A). \[5kq,\dfrac{4kq}{3}\]
B). \[2kq,\dfrac{4kq}{3}\]
C). \[3kq,\dfrac{4kq}{3}\]
D). \[7kq,\dfrac{4kq}{3}\]

Answer 1

Hint: For solving this question the students should first identify the type of infinite series that the charges form.
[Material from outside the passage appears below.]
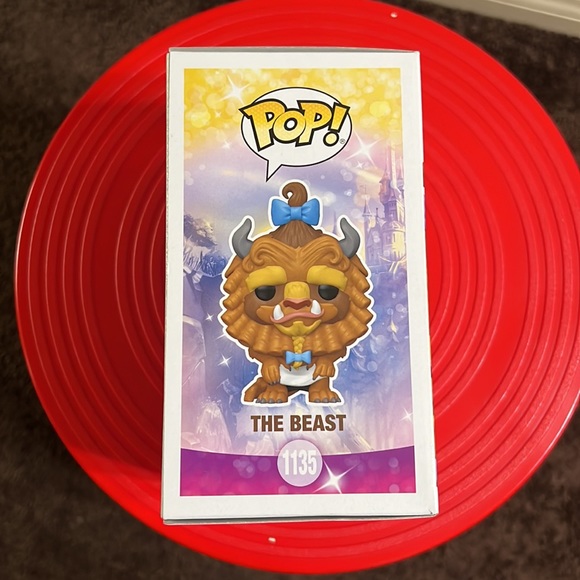 Beast Funko Pop - Picture 5 of 7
Evidently the charges are placed at distances that form a GP. Also, the formula for potential, electric field and sum of infinite GP would be used.

Formula used:
\[V=\dfrac{1}{4\pi {{\in }_{0}}}\sum\limits_{i=1}^{N}{\dfrac{{{q}_{i}}}{{{r}_{i}}}}\]
\[E=k\sum\limits_{i=1}^{N}{\dfrac{{{Q}_{i}}}{{{r}_{i}}^{2}}}\]
\[S=\dfrac{a}{1-r}\]

Complete step by step answer:
Given that infinite charges ‘q’ are placed at distances along the x-axis ‘r’ given by:
 \[x=1,x=2,x=4,x=8\ldots \]
To find the potential at \[x=0\] we will use the superposition principle:
\[V=\dfrac{1}{4\pi {{\in }_{0}}}\sum\limits_{i=1}^{N}{\dfrac{{{q}_{i}}}{{{r}_{i}}}}\]
On substituting the values of r, we get:
\[V=\dfrac{1}{4\pi {{\in }_{0}}}\left[ \dfrac{q}{1}+\dfrac{q}{2}+\dfrac{q}{4}+\dfrac{q}{8}+....+\dfrac{q}{N} \right]\]
\[V=\dfrac{1}{4\pi {{\in }_{0}}}\left[ \dfrac{q}{1}+\dfrac{q}{{{2}^{1}}}+\dfrac{q}{{{2}^{2}}}+\dfrac{q}{{{2}^{3}}}+....+\dfrac{q}{{{2}^{N}}} \right]\]
\[V=\dfrac{q}{4\pi {{\in }_{0}}}\left[ \dfrac{1}{1}+\dfrac{1}{{{2}^{1}}}+\dfrac{1}{{{2}^{2}}}+\dfrac{1}{{{2}^{3}}}+....+\dfrac{1}{{{2}^{N}}} \right]\]
Since the above series in the square bracket is in GP, we will solve it using the formula for sum of infinite GP:
\[S=\dfrac{a}{1-r}\]
Here a is the first term
\[a=1\]
\[r=\dfrac{1}{2}\]
\[S=\dfrac{1}{(1-{1}/{2}\;)}\]
On solving we get
\[S=2\]
Substituting it in above equation:
\[V=\dfrac{2q}{4\pi {{\in }_{0}}}\]
\[\Rightarrow V=2kq\]
Here, \[k=\dfrac{1}{4\pi {{\in }_{0}}}\]
Now, Electric field at point \[x=0\] due to infinite charges is:
\[E=k\sum\limits_{i=1}^{N}{\dfrac{{{Q}_{i}}}{{{r}_{i}}^{2}}}\]
On substituting the values of Q and r, we get:
\[E=k\left[ \dfrac{q}{{{1}^{2}}}+\dfrac{q}{{{2}^{2}}}+\dfrac{q}{{{4}^{2}}}+\dfrac{q}{{{8}^{2}}}+.... \right]\]
\[E=kq\left[ \dfrac{1}{{{1}^{2}}}+\dfrac{1}{{{2}^{2}}}+\dfrac{1}{{{2}^{4}}}+\dfrac{1}{{{2}^{6}}}+.... \right]\]
The above series in the square bracket is in GP, we will solve it using the formula for sum of infinite GP:
\[S=\dfrac{a}{1-r}\]
Here a is the first term
\[a=1\] and \[r=\dfrac{1}{{{2}^{2}}}\]
\[\therefore S=\dfrac{1}{(1-{1}/{{{2}^{2}}}\;)}\]
\[S=\dfrac{1}{(1-{1}/{4}\;)}\]
\[S=\dfrac{4}{3}\]
Substituting above we get:
\[E=\dfrac{4kq}{3}\]
Hence, the correct answer is option B. \[2kq,\dfrac{4kq}{3}\].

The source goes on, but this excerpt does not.